Simply extraordinary. A riveting story that gives some sense of what God can do when one person answers and is doggedly faithful to a challenging call over a lifetime, even in one of the most difficult places on earth.

I have heard tales of an amazing work taking place among the garbage workers of Cairo since I was an undergrad. So it was
very encouraging to read this article from the February Lausanne World Pulse: Transforming Lives in Cairo's Garbage Villages.

Villagers collect garbage from city apartments and recycle it. They are the most despised group of people in Egyptian society. They are not paid by the government; however, they receive small tips from the people whose garbage they collect. The rest of their income comes from recycling garbage. It is one of the most ecologically efficient operations in the world as 90%of the garbage is recycled. But the human cost is terrible. Muqattam, now a thriving town of 30,000 began in 1970, when a community of several thousand Coptic garbage workers were forcibly resettled in an abandoned quarry at the foot of a small mountain.

Thirty years ago, Fr. Samaan, a Coptic Orthodox priest "gave up his job in the city to become an ordained priest in the garbage village. When he began, the village had no churches, schools, electricity, water, medical care or markets. It was just garbage, people and pigs. When thousands were brought to a saving faith in Jesus Christ, the first thing they wanted to do was build a church—and Father Samaan became their priest. Today, the garbage collectors are filled with love and motivation from God. This is what changed their village. The village is a bustling, hopeful community of thirty thousand people.
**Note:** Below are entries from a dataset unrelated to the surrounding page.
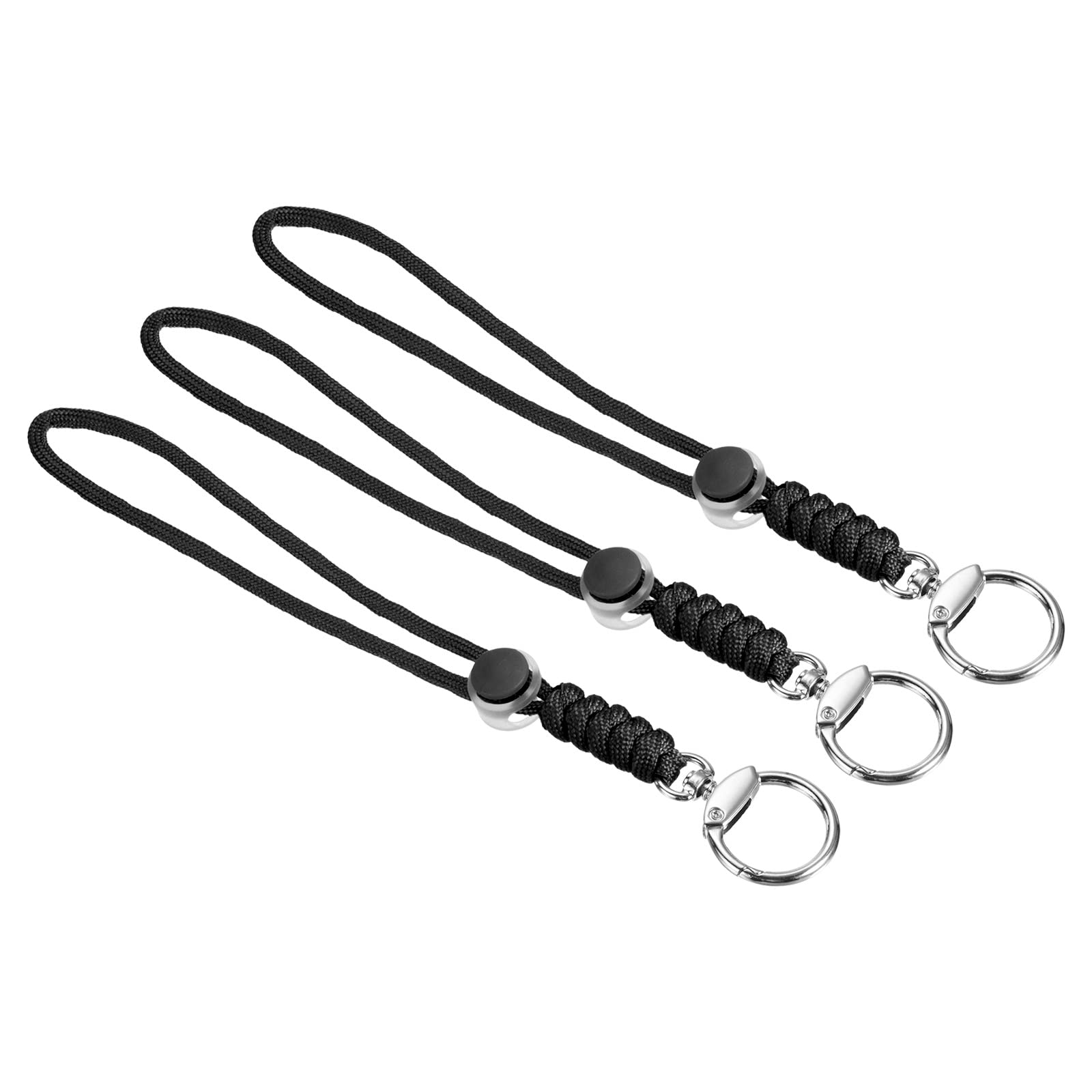 PATIKIL Paracord Lanyard with Clasp 9 Inch, 3 Pack Wrist Keychain Cord Metal Hook Strap for Keys Whistle ID Card Badge Holder, Black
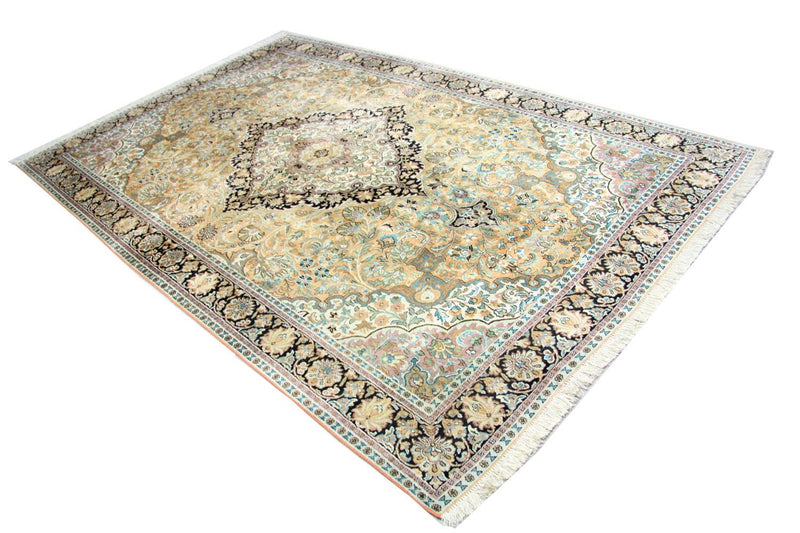 Zijden tapijt - Kashmir Silk - 290 x 185 cm - blauw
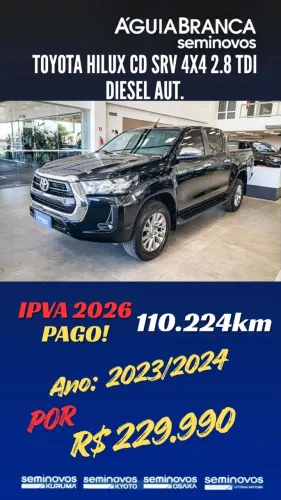 Toyota Hilux CD SRV 4X4 2.8 TDI Diesel Aut. 2024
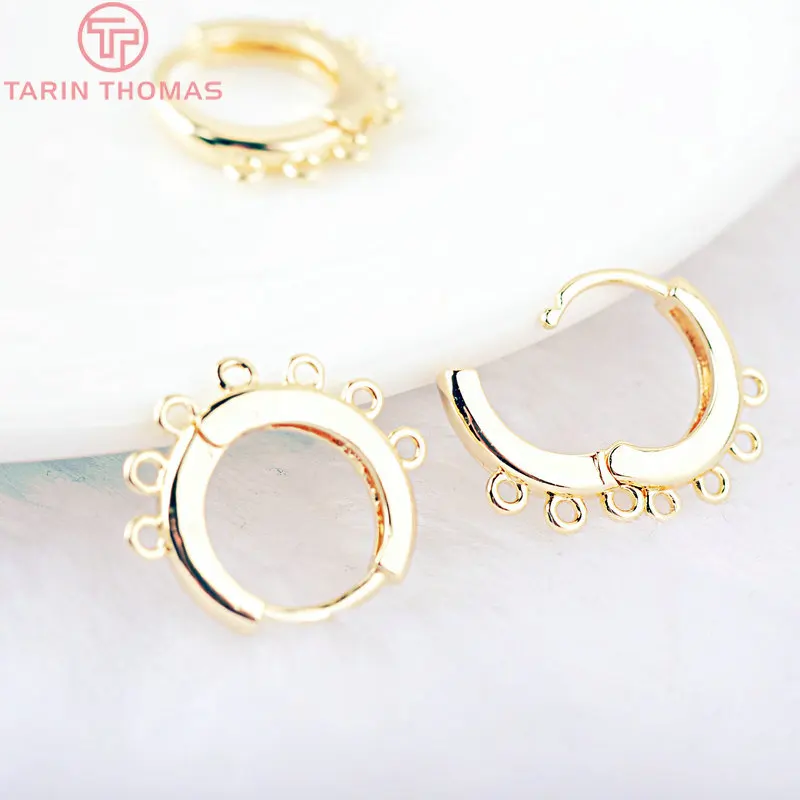 (2258)6PCS 20x12.5MM Hole 2MM 24K Gold Color Brass Stud Pins Earrings Clasps High Quality DIY Jewelry Making Findings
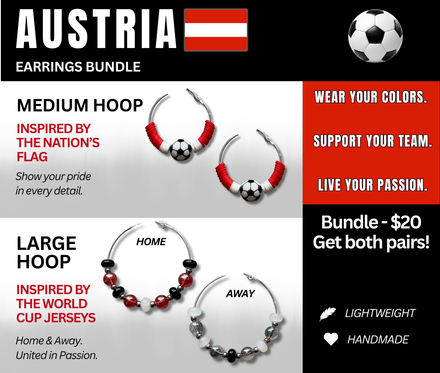 Austria Flag &amp; Jersey Inspired Hoops – Game Day Ready for 🌎Cup Soccer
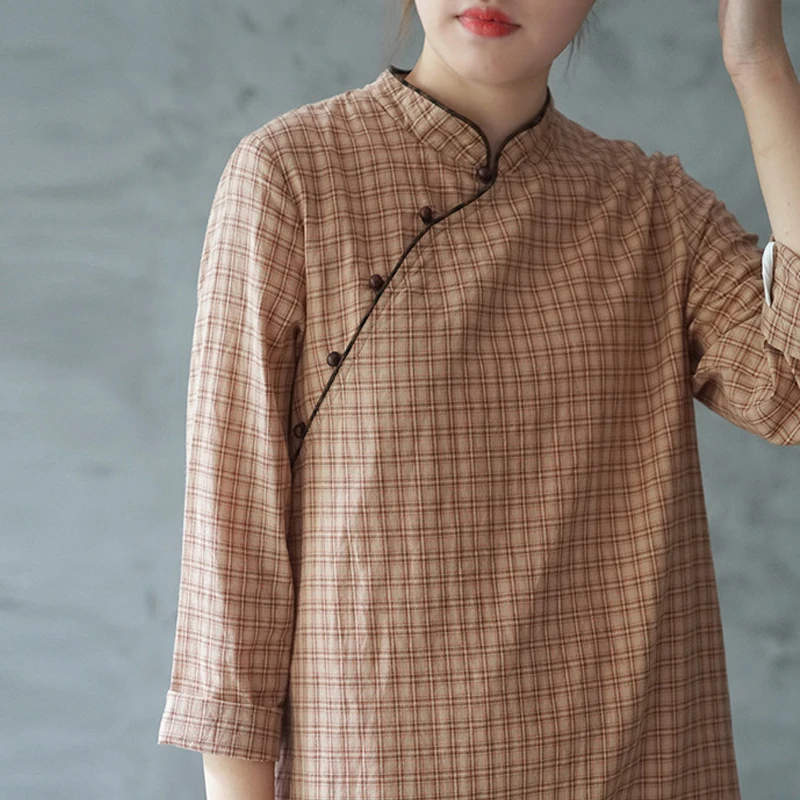 Новое платье Чонсам для отдыха в стиле ретро с пряжкой и сезон осень 2019 года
They still collect garbage; however, they now have three schools, a hospital and many churches.



Blessing in Caves

The churches are located in caves that were blocked by rubble. It was only when one small cave was discovered that residents realised they were surrounded by caves. While that first cave was being converted into a chapel, residents found another one that is now used for church services of up to four thousand people. They soon realised that another cave could be transformed into an enormous amphitheatre to seat fifteen thousand people. “Regular church services are held there and people come from all over Cairo—not just from the garbage village—to worship with other Christians,” Rebecca explains. “It is the only place, other than the Coptic Orthodox Cathedral, where Christians can meet in large numbers in Egypt.”


Father Samaan now pastors the largest church in the Middle East and one of the best known in Egypt: St. Simon the Tanner Coptic Orthodox Church in the Mokattam garbage village.

The cave churches have become something of a tourist attraction as you can understand when you see this series of pictures of this extraordinary place and its extraordinary community.